═══ Data for the task

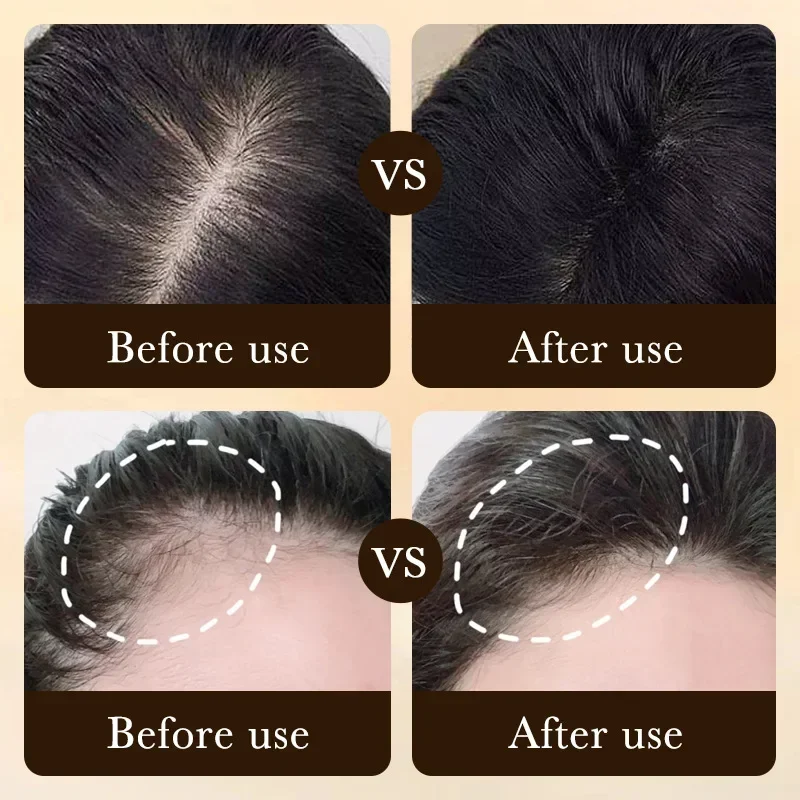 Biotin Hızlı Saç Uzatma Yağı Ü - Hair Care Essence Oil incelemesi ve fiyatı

══════
═══ Data for the task

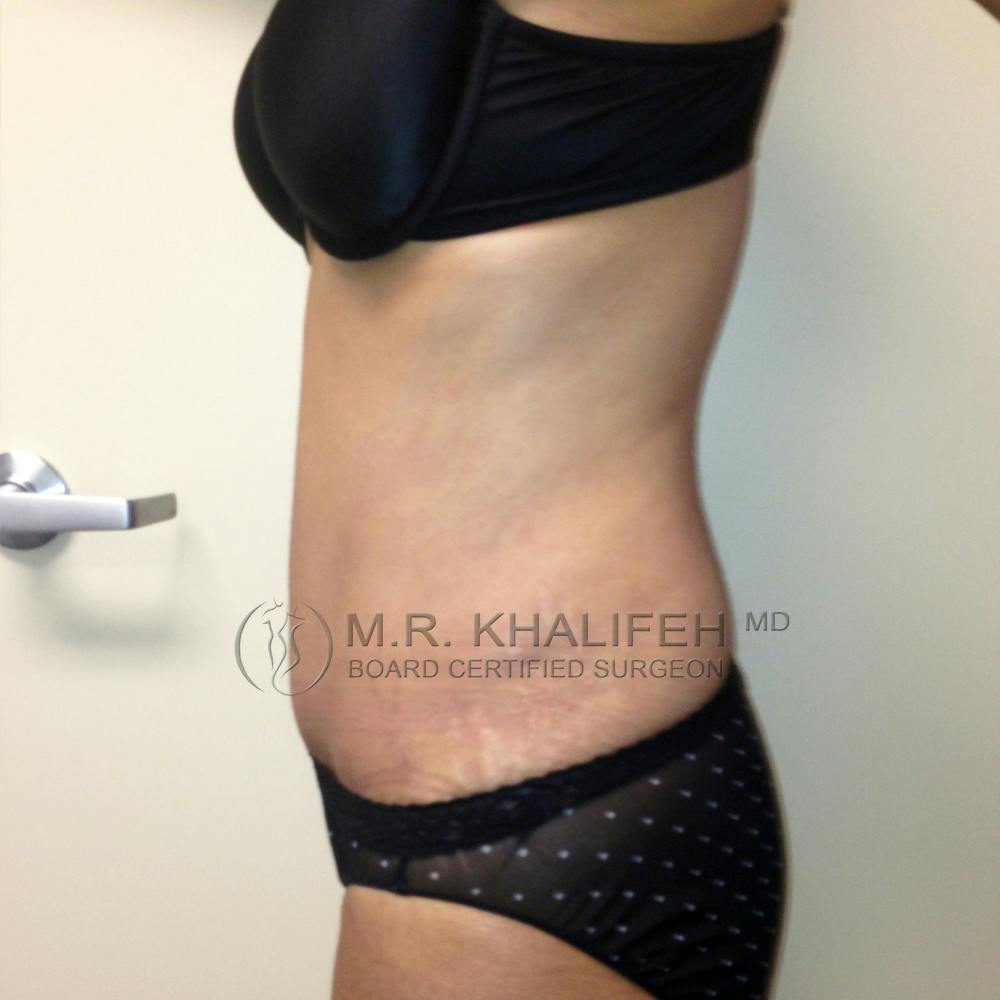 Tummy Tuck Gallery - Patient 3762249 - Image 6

══════
═══ Data for the task

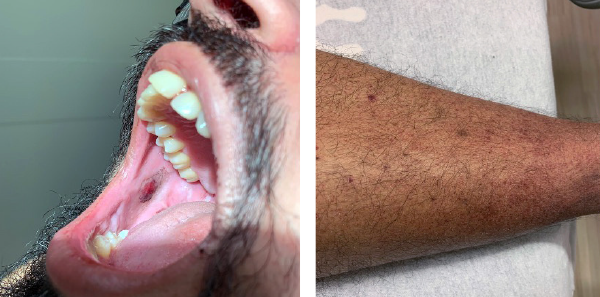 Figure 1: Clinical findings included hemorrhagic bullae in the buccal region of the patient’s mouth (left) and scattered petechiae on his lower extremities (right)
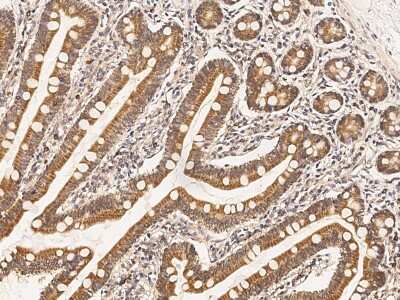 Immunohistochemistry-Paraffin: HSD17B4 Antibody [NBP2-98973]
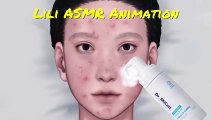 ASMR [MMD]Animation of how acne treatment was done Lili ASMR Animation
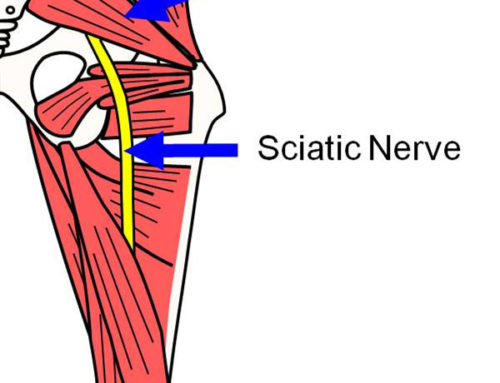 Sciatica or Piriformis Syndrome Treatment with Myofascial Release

══════

**Goal of the exercise:**
Starting with the line above that holds "Immunohistochemistry-Paraffin: HSD17B4 Antibody", restate each line word for word up to and including the line that holds "Sciatica or Piriformis". Drop the pictures.

**Result:**
 Immunohistochemistry-Paraffin: HSD17B4 Antibody [NBP2-98973]
 ASMR [MMD]Animation of how acne treatment was done Lili ASMR Animation
 Sciatica or Piriformis Syndrome Treatment with Myofascial Release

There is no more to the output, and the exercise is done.